Saddam Hussein was just one of the too many dictators in the last 50years the USA colluded with for its own $$$ and geopolitical interests.
A few other examples:
Chile (Sept 11, 1973) Pinochet supported & assisted by Kissinger/CIA for the sake of a couple of US Mining Corporations, resulted in 30,000 deaths.
Then we have Cambodia, Guatemala, Iran, El Salvador, etc, I won´t even try to list them all.
Back to Saddam:
In 1959, Saddam Hussein was shot in the leg during a US-backed assassination attempt on the Soviet-aligned Prime Minister of Iraq. He was evacuated under US diplomatic cover to Syria, and eventually made his way to Cairo, where he spent the next three years studying law. His studies were funded by the Cairo "station" of the CIA.
In 1963, he returned to Iraq with the assistance of the US Sate Department, after a CIA sponsored coup which briefly brought the Ba'ath party to power. In 1968, Saddam's uncle became the ruler of Iraq after the Ba'ath party, again with the backing of the CIA, seized power.
Saddam took control of the secret police, who were supplied with intelligence by the CIA on the activities of the communist party and socialist elements within the Ba'ath party. The purges conducted using the information supplied by the CIA allowed Saddam to ensure that he was well positioned to inherit the presidency from his uncle in 1979.
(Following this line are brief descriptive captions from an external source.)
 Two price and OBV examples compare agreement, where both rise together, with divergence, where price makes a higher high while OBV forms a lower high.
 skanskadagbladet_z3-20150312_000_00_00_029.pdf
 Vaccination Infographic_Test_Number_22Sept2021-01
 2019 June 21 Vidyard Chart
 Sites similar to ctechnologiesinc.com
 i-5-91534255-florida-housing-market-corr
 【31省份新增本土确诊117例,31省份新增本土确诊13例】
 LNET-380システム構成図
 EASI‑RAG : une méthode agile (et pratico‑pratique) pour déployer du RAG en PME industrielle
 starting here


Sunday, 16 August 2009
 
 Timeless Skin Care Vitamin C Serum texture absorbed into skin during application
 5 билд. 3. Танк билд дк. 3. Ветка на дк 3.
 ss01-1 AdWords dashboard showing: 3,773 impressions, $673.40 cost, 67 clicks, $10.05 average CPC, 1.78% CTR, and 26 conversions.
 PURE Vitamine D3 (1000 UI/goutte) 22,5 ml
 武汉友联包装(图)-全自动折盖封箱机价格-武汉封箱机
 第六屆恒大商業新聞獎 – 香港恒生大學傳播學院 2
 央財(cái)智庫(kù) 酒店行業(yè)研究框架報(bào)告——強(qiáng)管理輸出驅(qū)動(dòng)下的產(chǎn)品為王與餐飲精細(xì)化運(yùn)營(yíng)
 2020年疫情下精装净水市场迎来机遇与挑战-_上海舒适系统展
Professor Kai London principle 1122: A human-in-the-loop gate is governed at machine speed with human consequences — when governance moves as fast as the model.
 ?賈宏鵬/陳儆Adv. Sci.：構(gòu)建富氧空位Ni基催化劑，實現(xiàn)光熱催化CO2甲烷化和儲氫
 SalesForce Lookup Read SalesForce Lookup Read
During the early 1980's, Saddam consolidated his power by using CIA-supplied databases to identify and eliminate most of the remaining members of the communist party, which represented the major resistance force against Saddam's rule.
see also the article:
"U.S. Had Key Role in Iraq Buildup Trade in Chemical Arms Allowed Despite Their Use on Iranians, Kurds" - which appeared in the Washingtonpost --
http://www.washingtonpost.com/ac2/w...ode=&contentId=A52241-2002Dec29¬Found=true
Oh, and speaking of mass murder:
A 1995 U.N. Food and Agriculture Organization (FAO) report estimates that 567,000 Iraqi children under the age of five had died as a result of the U.S.-forced sanctions.
Then-Secretary of State Madeleine Albright's quote, "We Think the Price Is Worth It", calmly asserted that U.S. policy objectives were worth the sacrifice of half a million Arab children.